Johannesburg - Shoprite International plans to invest $572m in Angola to open new supermarkets and business units in Africa’s second-biggest oil producer, according to a statement published in the government gazette.
President Jose Eduardo dos Santos has appointed a commission to negotiate potential tax breaks and other incentives for the Cape Town-based company, according to the May 18 statement. Africa’s largest food retailer will also upgrade its existing chain of Angolan stores. A Shoprite representative said by e-mail she wasn’t immediately able to comment.
“In the long term, Angola has the potential to see quite good GDP-per-capita growth,” Bloomberg Intelligence retail analyst Charles Allen said by phone from London. “It also has a very low penetration of modern food retail.”

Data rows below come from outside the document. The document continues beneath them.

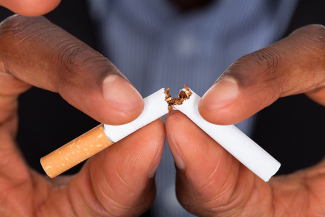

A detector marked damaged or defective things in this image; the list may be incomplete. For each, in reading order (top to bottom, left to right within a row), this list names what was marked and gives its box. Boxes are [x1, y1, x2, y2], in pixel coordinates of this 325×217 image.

broken cigarette [40, 88, 167, 178]
broken cigarette [173, 88, 280, 181]
torn cigarette paper [173, 89, 280, 182] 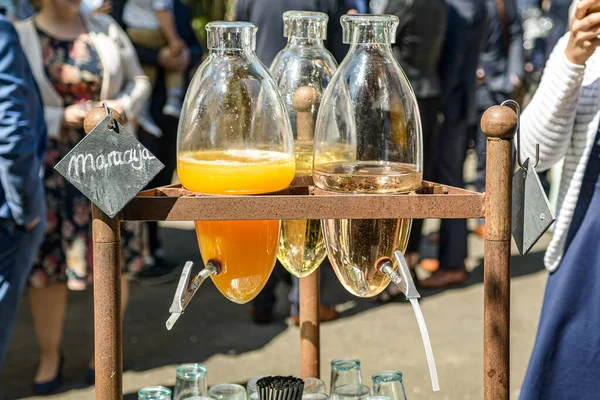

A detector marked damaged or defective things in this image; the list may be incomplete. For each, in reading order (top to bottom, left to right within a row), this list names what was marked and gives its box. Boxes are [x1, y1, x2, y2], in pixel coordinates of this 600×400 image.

rusty metal leg [91, 206, 122, 400]
rusty metal stand [90, 104, 516, 398]
rusty metal leg [298, 268, 318, 378]
rusty metal leg [480, 104, 516, 398] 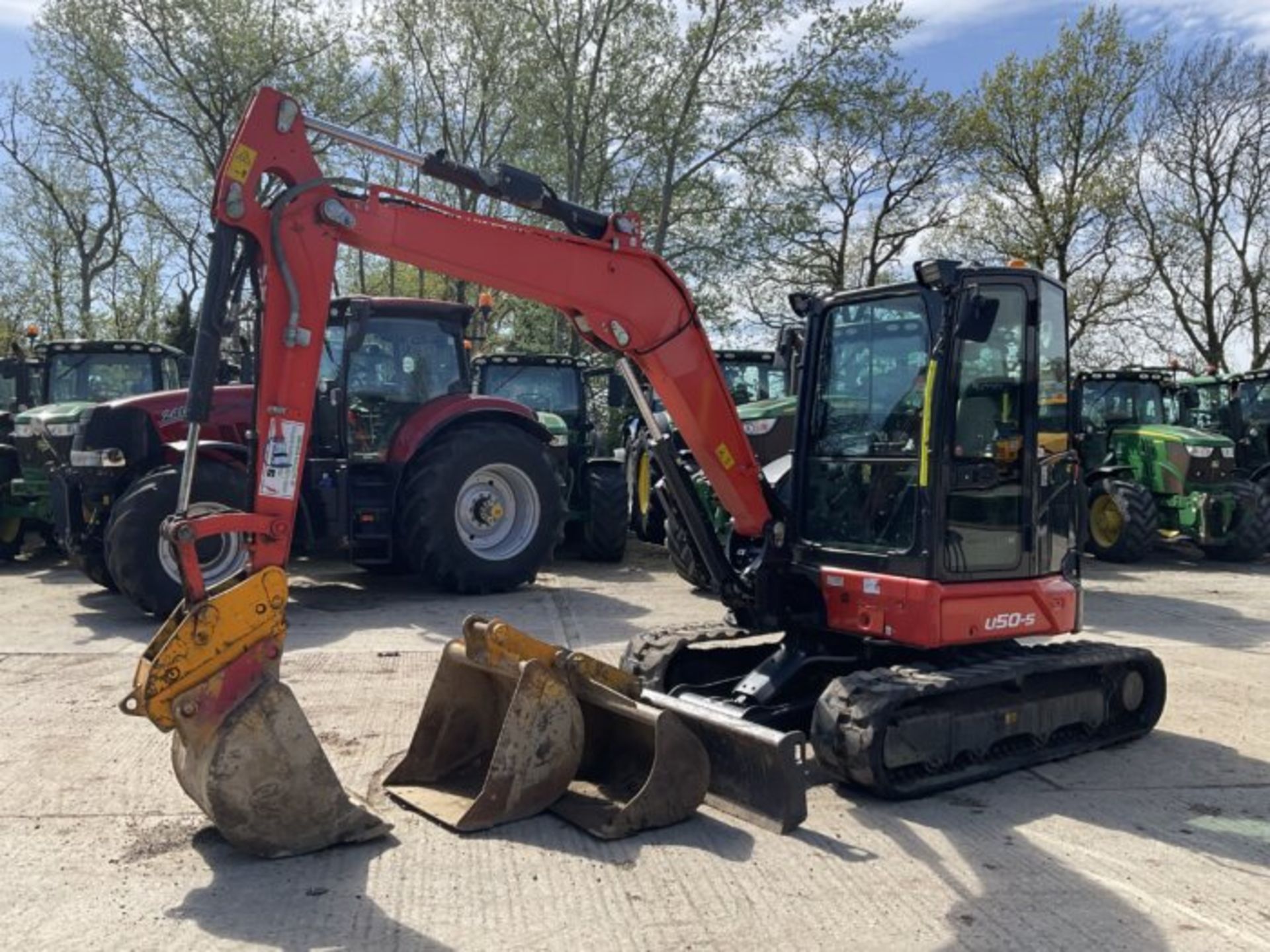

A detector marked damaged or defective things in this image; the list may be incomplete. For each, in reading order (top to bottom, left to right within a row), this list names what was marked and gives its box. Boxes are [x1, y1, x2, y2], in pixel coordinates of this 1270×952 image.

cracked concrete surface [2, 543, 1270, 952] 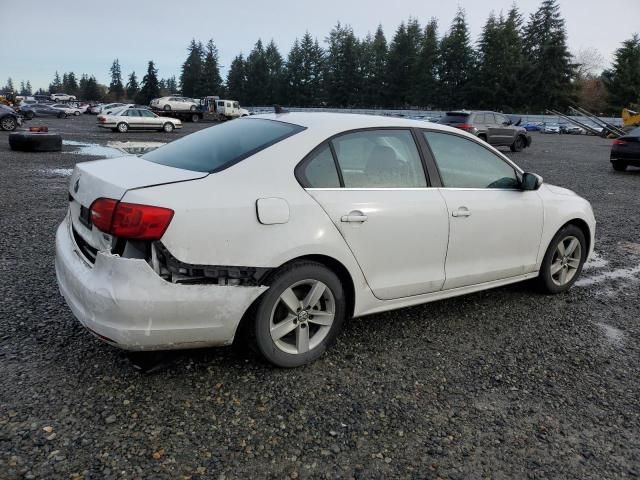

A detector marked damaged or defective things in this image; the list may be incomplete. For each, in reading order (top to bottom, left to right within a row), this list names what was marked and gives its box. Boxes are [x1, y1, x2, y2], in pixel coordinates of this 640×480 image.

cracked tail light [90, 199, 174, 242]
rear bumper damage [53, 216, 268, 350]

Angola replaced Zambia as Shoprite’s biggest contributor of sales outside South Africa in the second half of last year, the company said in February. Even as oil prices fell, the market “performed well,” while a large store near the capital, Luanda, reopened last month after burning down more than a year earlier, the retailer said. Shoprite has 2 188 stores across 15 countries, according to its website.
Shoprite plans an initial investment of $50m, according to the gazette, which didn’t stipulate over what period the total spending would take place. The company’s shares declined 1.1% to R164.07 on Friday, valuing the retailer at R94bn ($6bn).